Decoupled frequency and voltage control for stand-alone microgrid with high renewable penetration

Kwang Woo Joung; Taewan Kim; Jung Wook Park

doi:10.1109/TIA.2018.2866262

Decoupled frequency and voltage control for stand-alone microgrid with high renewable penetration

Kwang Woo Joung, Taewan Kim, Jung Wook Park

Department of Electrical and Electronic Engineering

Research output: Contribution to journal › Article › peer-review

10 Citations (Scopus)

Abstract

In South Korea, the stand-alone microgrid on an island has synchronous diesel generators and multiple distributed generations (DG) based on renewable energy, and energy storage systems (ESS).
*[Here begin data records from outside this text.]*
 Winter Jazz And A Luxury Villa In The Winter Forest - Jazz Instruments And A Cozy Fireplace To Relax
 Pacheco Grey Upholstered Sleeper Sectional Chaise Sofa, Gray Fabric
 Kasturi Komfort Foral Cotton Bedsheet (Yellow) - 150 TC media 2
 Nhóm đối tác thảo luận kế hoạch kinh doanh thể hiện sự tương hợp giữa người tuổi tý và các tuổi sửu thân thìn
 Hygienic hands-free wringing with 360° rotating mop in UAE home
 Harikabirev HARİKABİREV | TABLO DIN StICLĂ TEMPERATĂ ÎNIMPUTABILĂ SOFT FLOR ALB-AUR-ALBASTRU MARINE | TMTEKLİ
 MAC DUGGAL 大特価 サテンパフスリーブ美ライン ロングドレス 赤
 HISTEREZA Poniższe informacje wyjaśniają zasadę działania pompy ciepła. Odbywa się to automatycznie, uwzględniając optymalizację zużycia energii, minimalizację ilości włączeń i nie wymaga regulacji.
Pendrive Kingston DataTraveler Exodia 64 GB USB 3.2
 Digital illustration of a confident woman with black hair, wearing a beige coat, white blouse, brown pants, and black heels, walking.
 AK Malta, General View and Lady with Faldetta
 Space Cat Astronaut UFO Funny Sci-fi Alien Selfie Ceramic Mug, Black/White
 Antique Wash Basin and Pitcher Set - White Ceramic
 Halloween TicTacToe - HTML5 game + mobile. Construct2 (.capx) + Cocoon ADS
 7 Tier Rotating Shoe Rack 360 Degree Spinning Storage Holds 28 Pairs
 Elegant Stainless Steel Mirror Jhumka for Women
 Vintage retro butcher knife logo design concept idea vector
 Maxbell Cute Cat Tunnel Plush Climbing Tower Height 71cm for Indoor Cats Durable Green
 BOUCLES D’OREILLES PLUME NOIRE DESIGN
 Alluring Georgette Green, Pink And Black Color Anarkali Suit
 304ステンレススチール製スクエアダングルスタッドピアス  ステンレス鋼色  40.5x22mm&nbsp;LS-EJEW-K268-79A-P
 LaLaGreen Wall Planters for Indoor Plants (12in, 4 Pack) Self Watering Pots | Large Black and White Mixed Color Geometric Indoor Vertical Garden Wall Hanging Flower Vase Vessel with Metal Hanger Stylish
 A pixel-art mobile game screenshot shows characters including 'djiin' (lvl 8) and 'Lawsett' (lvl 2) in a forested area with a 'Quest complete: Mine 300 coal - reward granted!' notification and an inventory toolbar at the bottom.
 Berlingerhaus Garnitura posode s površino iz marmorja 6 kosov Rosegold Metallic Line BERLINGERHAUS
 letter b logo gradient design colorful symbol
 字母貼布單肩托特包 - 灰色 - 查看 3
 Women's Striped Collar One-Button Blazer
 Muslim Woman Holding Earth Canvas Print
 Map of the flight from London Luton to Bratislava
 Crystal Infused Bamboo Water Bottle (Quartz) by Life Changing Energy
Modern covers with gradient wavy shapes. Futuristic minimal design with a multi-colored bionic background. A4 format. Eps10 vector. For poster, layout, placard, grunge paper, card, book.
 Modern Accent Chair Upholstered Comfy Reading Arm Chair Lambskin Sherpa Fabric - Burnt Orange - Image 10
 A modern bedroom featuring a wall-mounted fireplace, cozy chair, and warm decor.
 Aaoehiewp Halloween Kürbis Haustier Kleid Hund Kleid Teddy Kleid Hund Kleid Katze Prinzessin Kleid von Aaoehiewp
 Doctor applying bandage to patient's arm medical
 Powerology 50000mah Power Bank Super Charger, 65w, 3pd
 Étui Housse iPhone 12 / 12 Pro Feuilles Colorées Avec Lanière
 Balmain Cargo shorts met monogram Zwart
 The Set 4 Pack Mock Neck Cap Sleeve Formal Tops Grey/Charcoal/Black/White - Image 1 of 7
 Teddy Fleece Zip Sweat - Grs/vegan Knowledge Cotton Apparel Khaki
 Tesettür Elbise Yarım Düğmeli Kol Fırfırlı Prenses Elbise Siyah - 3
According to the active policy of government to develop eco-friendly microgrids with zero carbon emission, many diesel generators in stand-alone microgrids are being replaced by the DGs. It brings challenges on the operation and control of multiple DGs because this causes the lack of inertia, which is originally provided from the diesel generators. This paper proposes a new decoupled frequency and voltage controller for DGs, which is able to keep the grid frequency and voltage magnitude constant. For frequency control, a frequency recovery control loop is newly added to conventional droop and inertia control loops for both effective power sharing and stabilization of frequency response after a disturbance. For voltage control, the proposed controller regulates the grid voltage in an inertia-free mode, in which all diesel generators are disconnected, while providing the conventional reactive power-voltage droop control under a normal condition. Moreover, the adaptive power sharing strategy is newly proposed to avoid the overcharge/discharge conditions of ESSs. As the result, the proposed controller can enhance the resilience and increase the penetration of renewable energies to the stand-alone microgrid. To verify the effectiveness of proposed controller, several case studies are being carried out by using the practical data of a real stand-alone microgrid in South Korea.

Original language	English
Article number	8440717
Pages (from-to)	122-133
Number of pages	12
Journal	IEEE Transactions on Industry Applications
Volume	55
Issue number	1
DOIs	https://doi.org/10.1109/TIA.2018.2866262
Publication status	Published - 2019 Jan 1

Bibliographical note

Funding Information:
Manuscript received February 13, 2018; revised June 14, 2018; accepted August 2, 2018. Date of publication August 19, 2018; date of current version December 12, 2018. Paper 2018-PSEC-0145.R1, presented at the 2018 IEEE/IAS 54th Industrial and Commercial Power Systems Technical Conference (I&CPS), Niagra Falls, ON, Canada, May 7–10, and approved for publication in the IEEE TRANSACTIONS ON INDUSTRY APPLICATIONS by the Power Systems Engineering Committee of the IEEE Industry Applications Society. This work was supported in part by the National Research Foundation of Korea (NRF) grant funded by the Korea government (MEST) under Grant 2016R1E1A1A02920095 and in part by the Human Resources Development program of Korea Institute of Energy Technology Evaluation and Planning (KETEP) grant funded by Korea government Ministry of Trade, Industry and Energy under Grant 20174030201540. (Corresponding author: Jung-Wook Park.) The authors are with the School of Electrical and Electronic Engineering, Yon-sei University, Seoul 120-749, South Korea (e-mail:,kwjoung93@yonsei.ac.kr; silemon21@yonsei.ac.kr; jungpark@yonsei.ac.kr).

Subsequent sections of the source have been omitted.